# Western 7.6 plow on 2009 Silverado -- help



## Demon71 (Sep 22, 2014)

I'm hoping someone here can shed some light on my situation:

I have a 7.6 Western Plow with the ultramount. I use to run it on my 2003 Silverado Z71 1500 with a 5.3L engine. I only plow my own company dock area and parking lot (small area 100ft x 100ft) It worked great on my 2003… I ran with about 300-400 lbs of ballast in the bed. Well when I traded the 2003 in on my 2009 I kept the plow, wiring harness, and control joy stick, just couldn't get the mount off the truck…. 

NOW I want to put this on my 2009 Silverado Z71 1500 with 5.3L engine… and everyone at Western is telling me I can't… So I went to plowprtsdirect.com and they have the mount to put this plow on my 2009… 

But I'm concerned that I might be doing something I shouldn't if everyone is saying not too… 

The GRVW, GVFW, GVRW weights for my 2003 & 2009 are all identical, so I can't see why there would be a problem??

Any thoughts?? OR just go or it since I'm not plowing much?


----------



## dieselss (Jan 3, 2008)

You either need the ULTRAMOUNT to unimount trk side bracket or a unimount plow. The wiring CAN be done, but your better off with an ultramount setup


----------



## Demon71 (Sep 22, 2014)

Sorry that was a typo…. I have the ultra mount western plow… I also already bought the correct mount for the truck. I sent them the serial number from the plow and all the details etc and they gave me the correct mount bracket for the truck.


----------



## cubicinches (Oct 19, 2008)

The 2009 is a coil spring front suspension, whereas the 2003 is a torsion bar front suspension. The 2009 won't carry the weight of the plow as well as the 2003. For what you're doing, I'd install a leveling kit, such as the one in the link below, and you'll be fine.

http://www.readylift.com/products/c...y-silverado-1500-2007-2013-2wd-4wd-6-lug.html


----------



## Demon71 (Sep 22, 2014)

cubicinches;1834222 said:


> The 2009 is a coil spring front suspension, whereas the 2003 is a torsion bar front suspension. The 2009 won't carry the weight of the plow as well as the 2003. For what you're doing, I'd install a leveling kit, such as the one in the link below, and you'll be fine.
> 
> http://www.readylift.com/products/c...y-silverado-1500-2007-2013-2wd-4wd-6-lug.html


So if I add a leveling kit as you suggested I'll be ok to run the plow I have?

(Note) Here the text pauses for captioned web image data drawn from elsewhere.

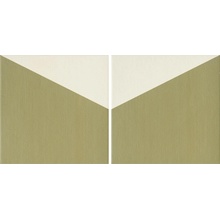 Mutina Puzzle С000340650 BOZED57_Edge Olive gres porcelánový 25x25 cm, Itálie - fotografie 1 - foto 1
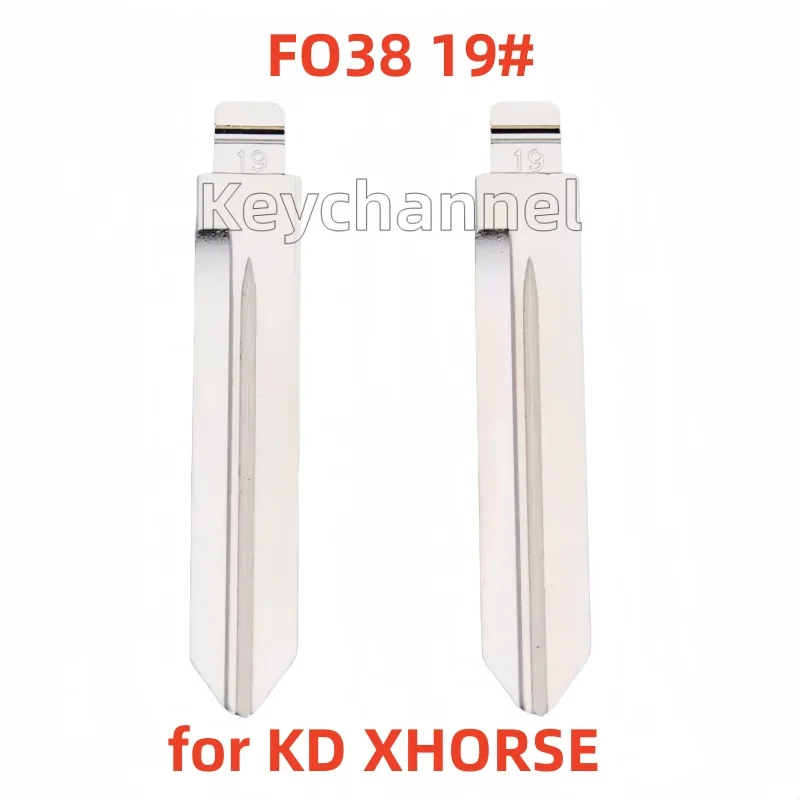 10 teile/los Auto Flip Key Blade FO38 KD Schlüssel Blank 19 # Für Ford Exploer Edge Mustang Taurus F150 Lincoln für KEYDIY Xhorse Fernbedienung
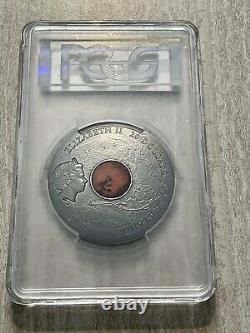 Mars The Red Planet Meteorites 3 Oz Silver Coin Cook Islands 2017 Pcgs Ms70 Fd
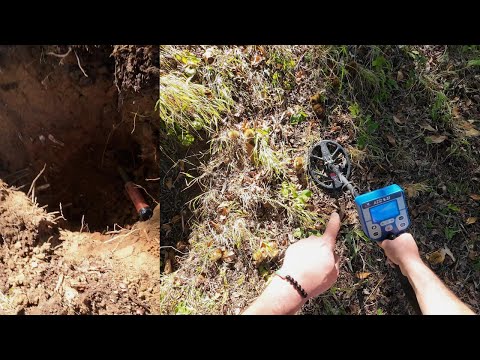 Keşif Yaparken Kilise Kalıntıları Arasında Çıkan Define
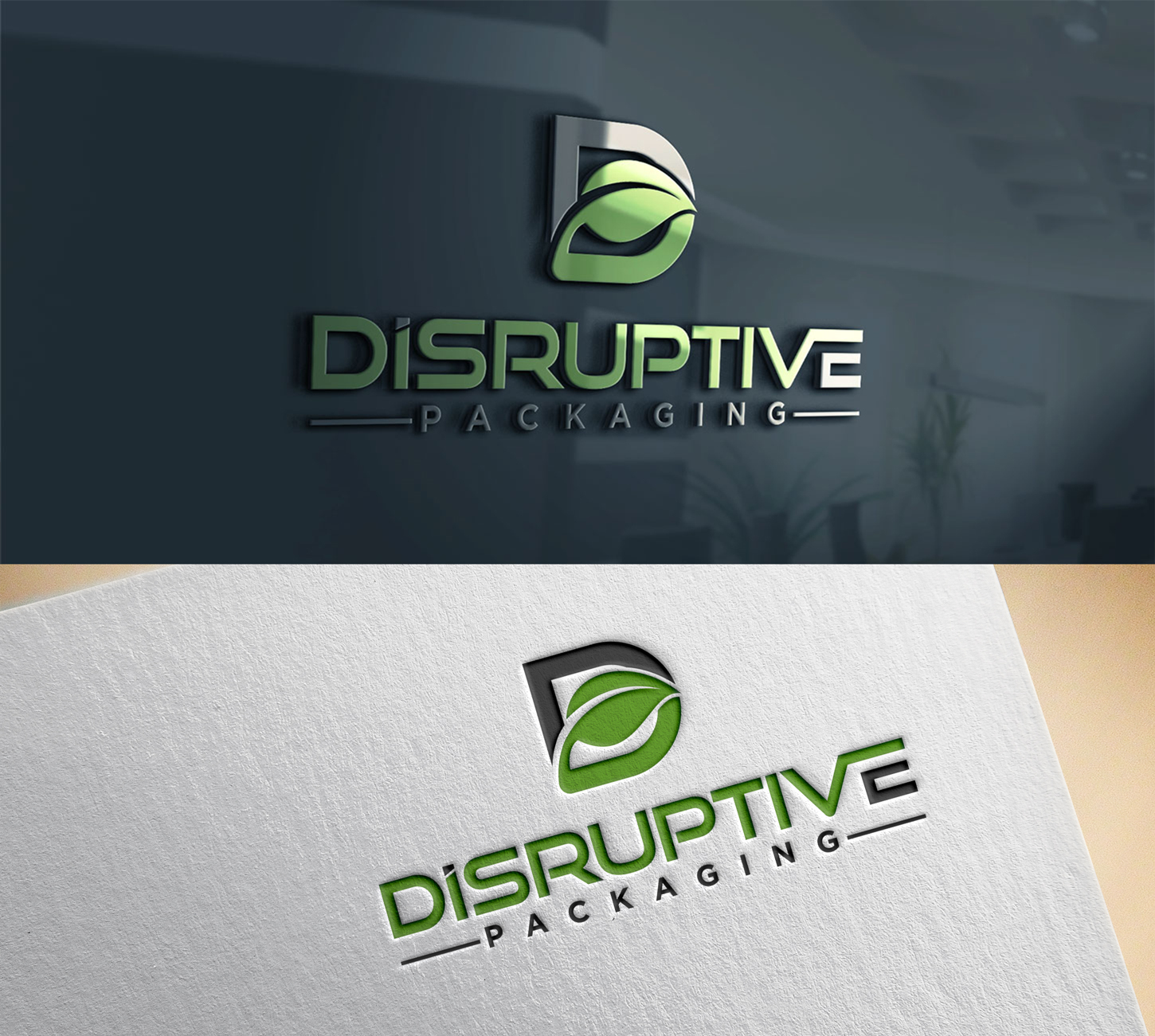Logo Design by artkey9 for Disruptive Packaging | Design #21743598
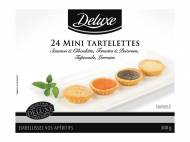 24 mini tartelettes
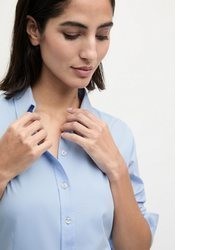 hellblaue Bluse von Cinque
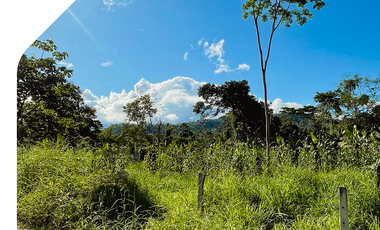 Terreno en Sucúa, Paraíso de la Amazonía. Terreno en Morona Santiago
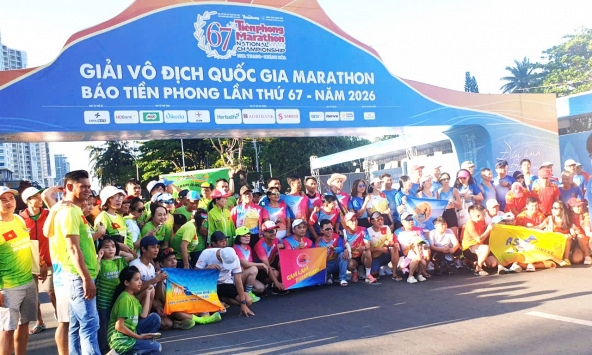 Giải vô địch quốc gia Marathon Báo Tiền Phong 2026: Lan tỏa tinh thần sống khỏe, tôn vinh nghị lực phụ nữ
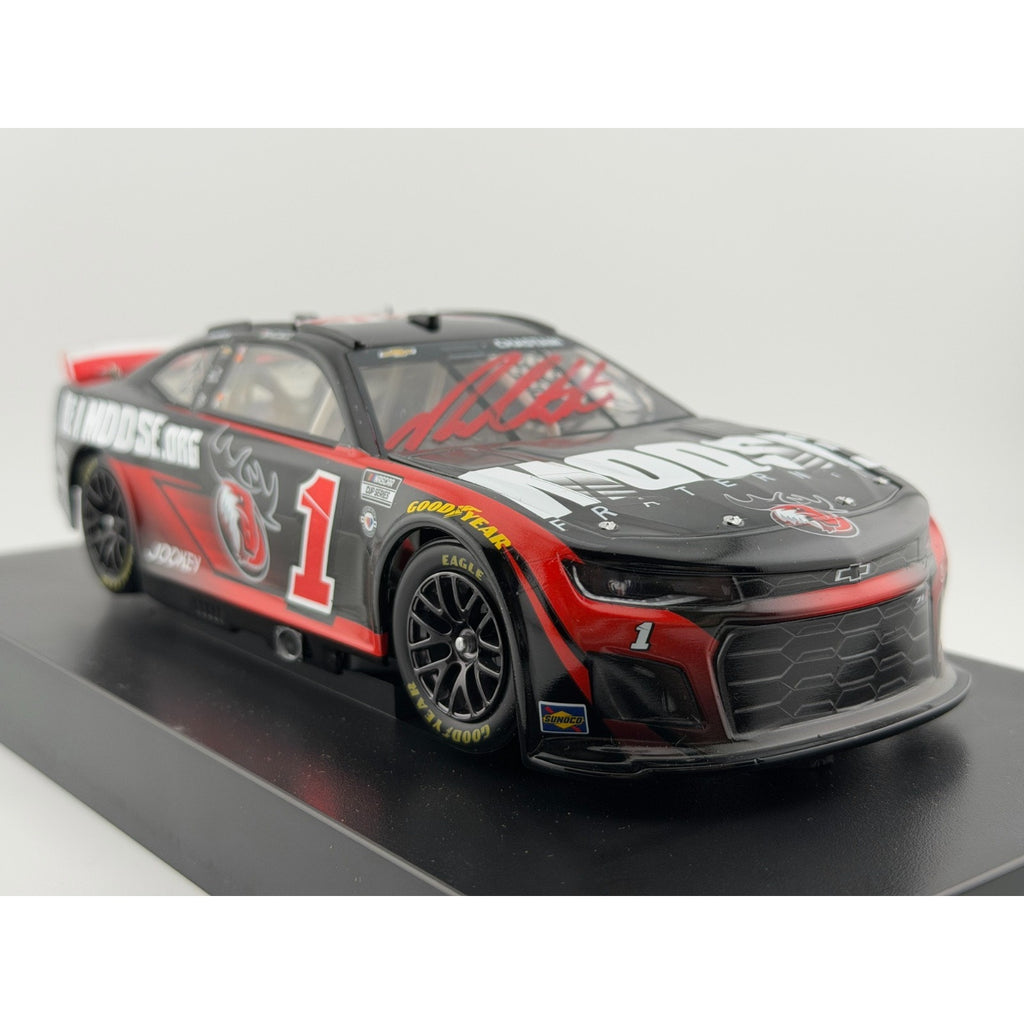 Ross Chastain #1 Moose Fraternity 2023 Camaro ZL1 ELITE 1:24 1/143 DIN 26
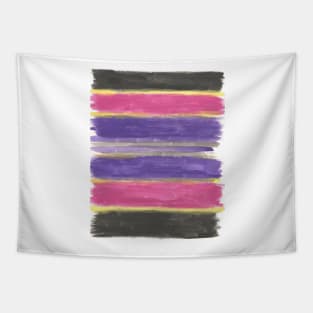 Be Bold Brushstrokes Tapestry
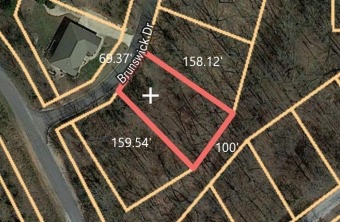 Excellent Bella Vista building lot, located just off Hampton on Bella Vista Country Club - Berksdale in Arkansas - for sale on GolfHomes.com, golf home, golf lot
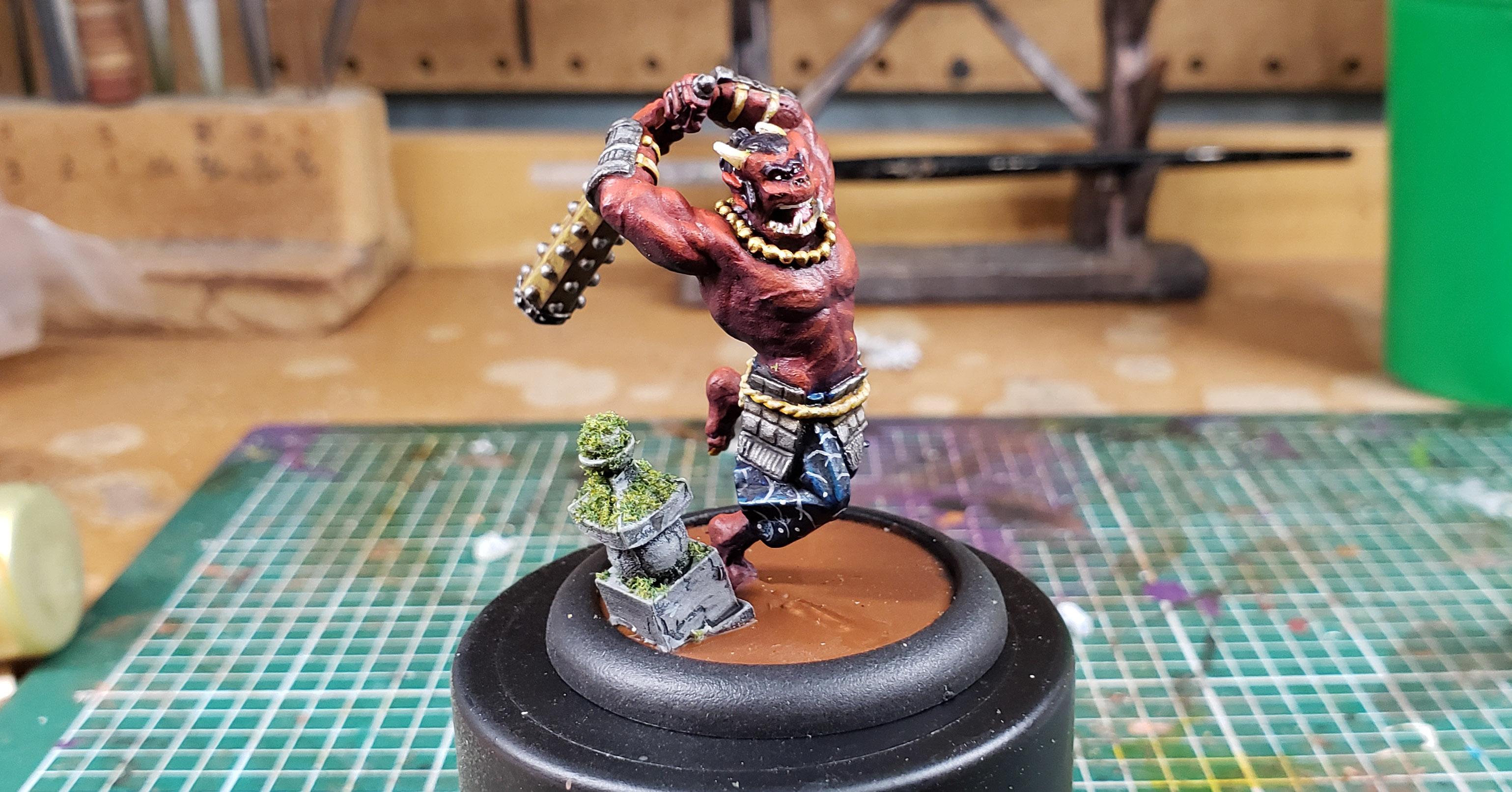 Bushido, Onishiro, Savage Wave, Work In Progress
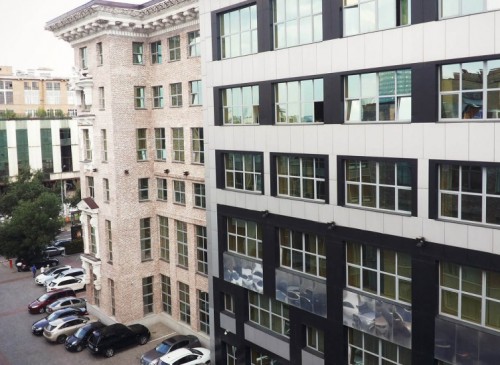 Бизнес-центр "Baker Plaza" (Москва, Бутырский Вал, 68-70) – фото Бизнес-центр "Baker Plaza" – фото объекта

Should I look into a HD coil spring upgrade? or just the leveling kit is all I need to carry the extra weight?


----------



## cubicinches (Oct 19, 2008)

Demon71;1834267 said:


> So if I add a leveling kit as you suggested I'll be ok to run the plow I have?
> 
> Should I look into a HD coil spring upgrade? or just the leveling kit is all I need to carry the extra weight?


Is the 7.5' Western a Pro plow (four trip springs and a shock), or a standard duty(two trip springs and no shock)? I personally think you'll be fine either way, but the Pro plow does weigh more than the standard duty plow.


----------



## Demon71 (Sep 22, 2014)

Here is the info from the plow -- 

INFO FROM PLOW: 
Western Plow 7’ - 6” STD 
#60018
#04011910856660018
Ultra Finish
Ultra Mount

I watched the video on the leveling kit you recommended, but I can't see how it will help other than raising the front end high so when the plow is on is sags a little less...


----------



## cubicinches (Oct 19, 2008)

Demon71;1834271 said:


> Here is the info from the plow --
> 
> INFO FROM PLOW:
> Western Plow 7' - 6" STD
> ...


You'll be fine with a standard duty plow and the leveling kit. That's all you'll need.


----------



## Demon71 (Sep 22, 2014)

Is the leveling kit mandatory?…. or can I run it with out as well.


----------



## cubicinches (Oct 19, 2008)

Demon71;1834271 said:


> I watched the video on the leveling kit you recommended, but I can't see how it will help other than raising the front end high so when the plow is on is sags a little less...


Lift the plow without installing the leveling kit and then get back to me with your thoughts on whether the truck could use a little help with sag or not. :laughing:


----------



## Demon71 (Sep 22, 2014)

cubicinches;1834279 said:


> Lift the plow without installing the leveling kit and then get back to me with your thoughts on whether the truck could use a little help with sag or not. :laughing:


I'm guessing that means you "highly" recommend it…. After looking into the kit recommended I saw on the website its not for my application " will make the front end higher than the rear" but the list the kit to use for a level stance.

Thanks for the recommendation… I appreciate the help!


----------



## cubicinches (Oct 19, 2008)

Demon71;1834281 said:


> I'm guessing that means you "highly" recommend it…. After looking into the kit recommended I saw on the website its not for my application " will make the front end higher than the rear" but the list the kit to use for a level stance.
> 
> Thanks for the recommendation… I appreciate the help!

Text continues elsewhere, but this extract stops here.